Anschließend muss die Transferleistung auf das Geschäft erfolgen: Wie können über den Einsatz von Technologie Umsatz- oder Kostenwirkungen erzielt werden? Das geht nur in gemeinsamer Diskussion: "Use Cases" werden entworfen, bewertet und in eine Digitalisierungsroadmap konsolidiert. Das Ergebnis ist ein digitales Geschäftsmodell, das insbesondere Themen wie Kunden-Interaktion und -Einbindung, "Connected Products" und Services, Data Analytics sowie das Betriebs- und Umsatzmodell beschreibt.
Zielgerichtete Implementierung sicherstellen
Steht das digitale Geschäftsmodell, beginnt die eigentliche Arbeit für den CIO: die Konzeption des digitalen Betriebsmodells. Welche Fähigkeiten werden dazu benötigt? Sollten diese intern aufgebaut oder fremdbezogen werden? Bei der Frage von "Make-or-buy" steht in Zukunft weniger der Kostenaspekt im Vordergrund, vielmehr geht es um "Time-to-market" und die Verfügbarkeit des "richtigen" Know-hows.
Weil neue Ideen von unabhängig agierenden "Digital Natives" oft den Unterschied bei der Lösungsfindung machen, können Partnerschaften durchaus wertvoll sein, auch wenn Unternehmen gerne das wettbewerbskritische, digitale Know-how intern vorhalten wollen.

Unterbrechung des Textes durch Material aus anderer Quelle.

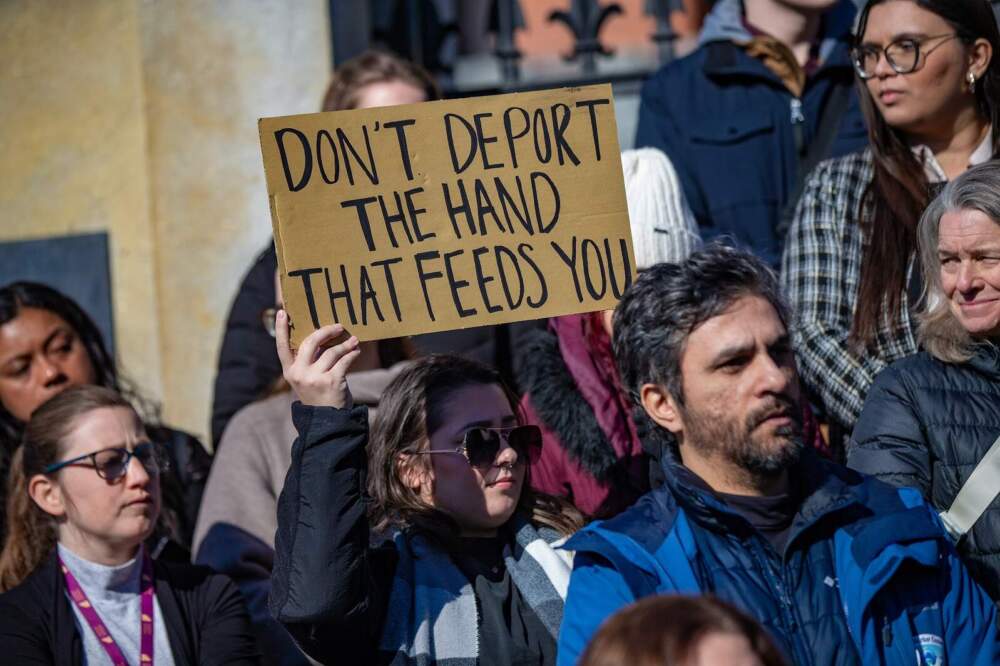 A rally participant holds a sign reading “Don’t Deport the Hand That Feeds You” during the MIRA rally at the State House Jan. 29, 2025. (Jesse Costa/WBUR)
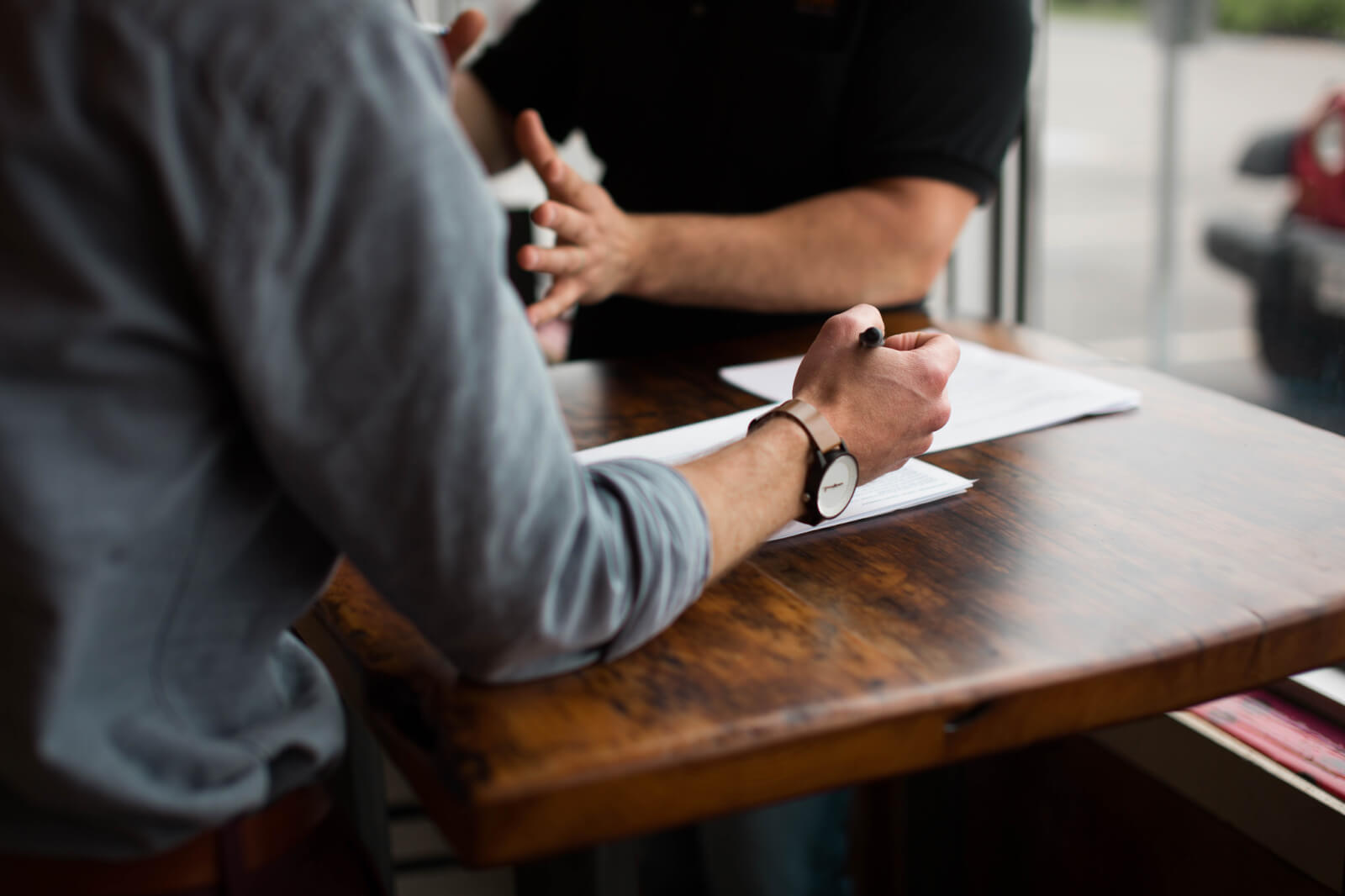 A contractor and a marketer talking through a plan across a table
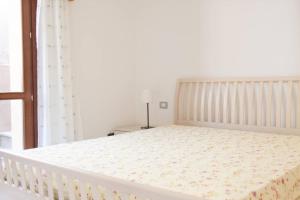 A bed or beds in a room at Ultrapanoramica a Costa Paradiso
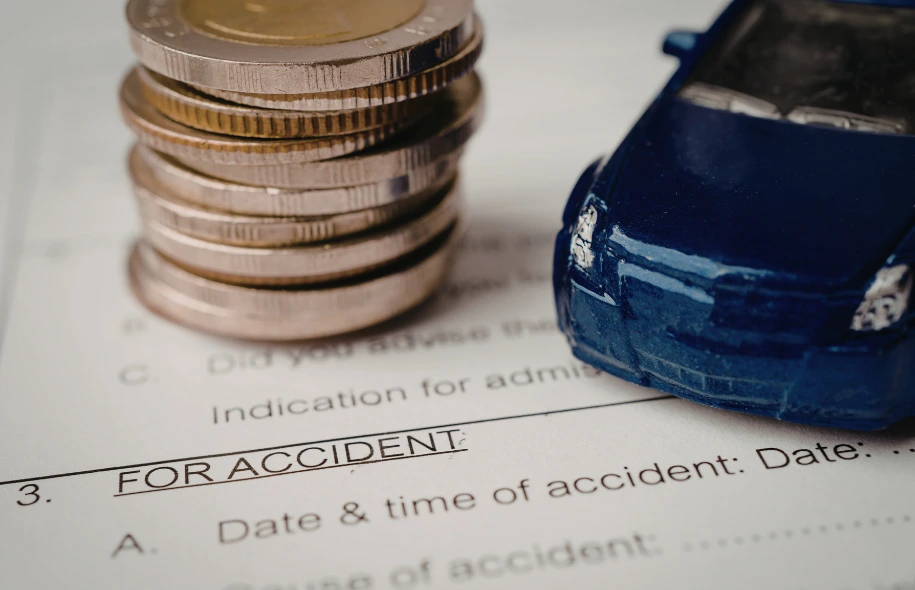 Accident claim form labeled “For Accident” with stacked coins and a toy car placed on top.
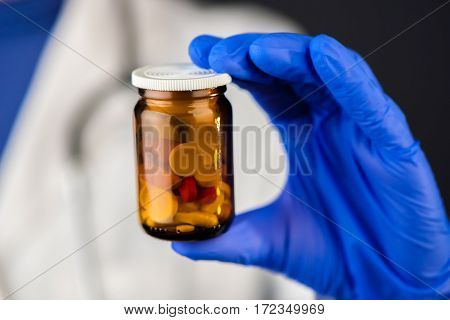 Female doctor holding unlabeled bottle of various pills and medication prescription medicine and healthcare selective focus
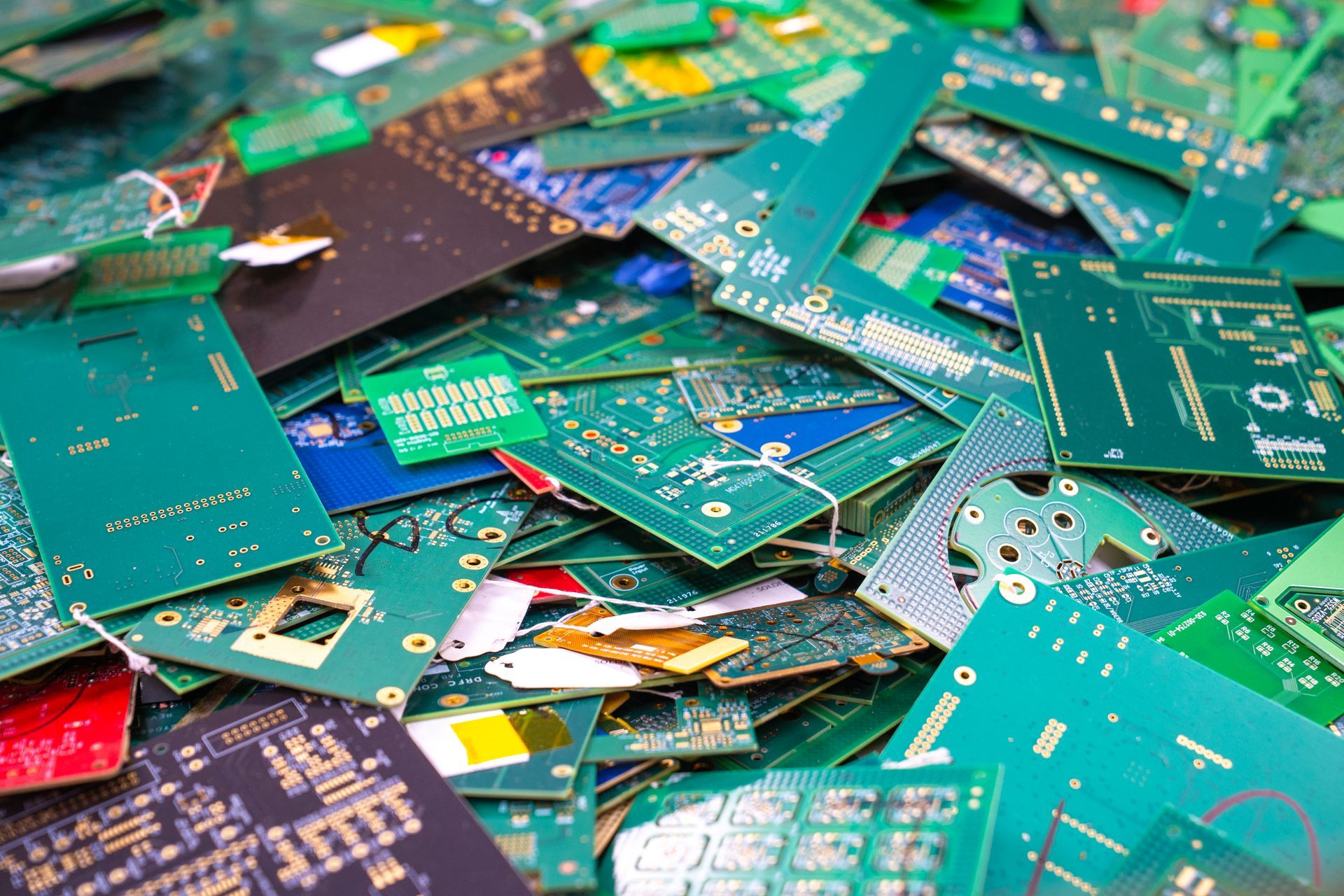 Pile of discarded circuit boards; green, blue, and gold electronic components.
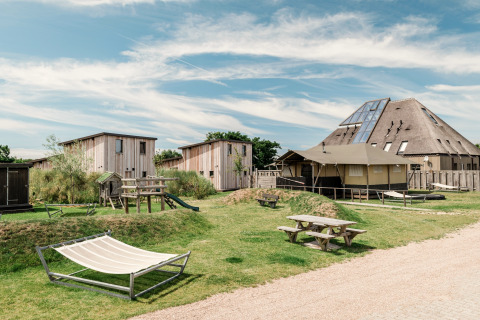 Modern lodgecomplex met houten lodges, picknicktafels, speelzone en hangmat onder een blauwe hemel.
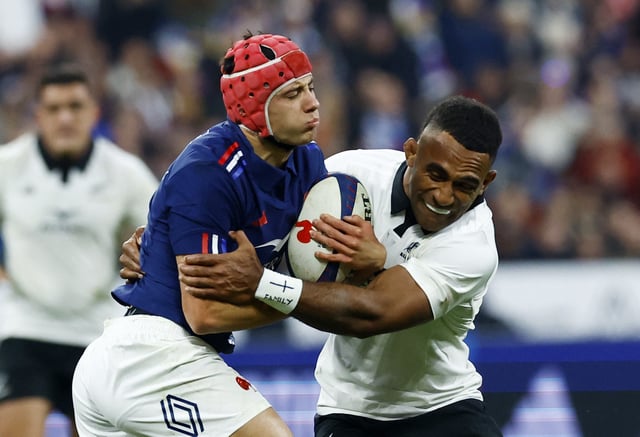Rugby Union - Autumn Internationals - France v New Zealand - Stade de France, Saint-Denis, France - November 16, 2024 France's Louis Bielle-Biarrey in action with New Zealand's Sevu Reece REUTERS/Stephanie Lecocq/File Photo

Darüber hinaus muss die Sicherheit von Informationen gewährleistet sein, um die Geschäftsbeziehungen mit Partnern und Kunden nicht zu gefährden und entscheidende Wettbewerbsvorteile zu verlieren - Cyber Security ist mehr als je zuvor ganz oben auf der CIO-Agenda angesiedelt.
Digitale Betriebsmodelle brauchen Governance und Prozesse
Wesentlicher Bestandteil des digitalen Betriebsmodells sind seine Governance und Prozesse. Gerade weil für die Entwicklung von digitalen Lösungen fast ausschließlich Scrum-basiert gearbeitet wird, hat der CIO hier eine massive Transformation seiner Organisation, aber auch deren Kultur vor sich. Im "analogen" Geschäft werden häufig etablierte Standardsysteme eingesetzt, die nach dem Wasserfallprinzip fortentwickelt werden und für die Stabilität und geringe Fehlerquote die wesentlichen Qualitätskriterien sind.
Anders sieht es im digitalen Umfeld aus: Hier werden agile Methoden eingesetzt, die Fehlertoleranz ist wesentlich höher und "Time-to-market" ganz entscheidend.
Da Kultur und Team für beide Kategorien nicht immer vereinbar sind, werden sich einige CIOs für getrennte Organisationen entscheiden. Hierfür macht der Begriff der "Two-speed Organizations" bereits die Runde.
2015 wird für CIOs nicht ruhig
Auch das Jahr 2015 wird für die CIOs nicht ruhig. Die Vielfalt der Themen erfordert ein Höchstmaß an Augenmaß zur Priorisierung sowie Leidenschaft und Ausdauer für die Umsetzung. Der Lohn wird aber nicht auf sich warten lassen: Nie zuvor waren die Möglichkeiten für CIOs so groß, über die Digitalisierung des Geschäfts Einfluss auf den Markterfolg des eigenen Unternehmens zu nehmen. Nie zuvor war die Vielfalt der Hebel zur Gestaltung einer leistungsfähigen IT größer. Wahrlich keine schlechten Voraussetzungen für die Zukunft.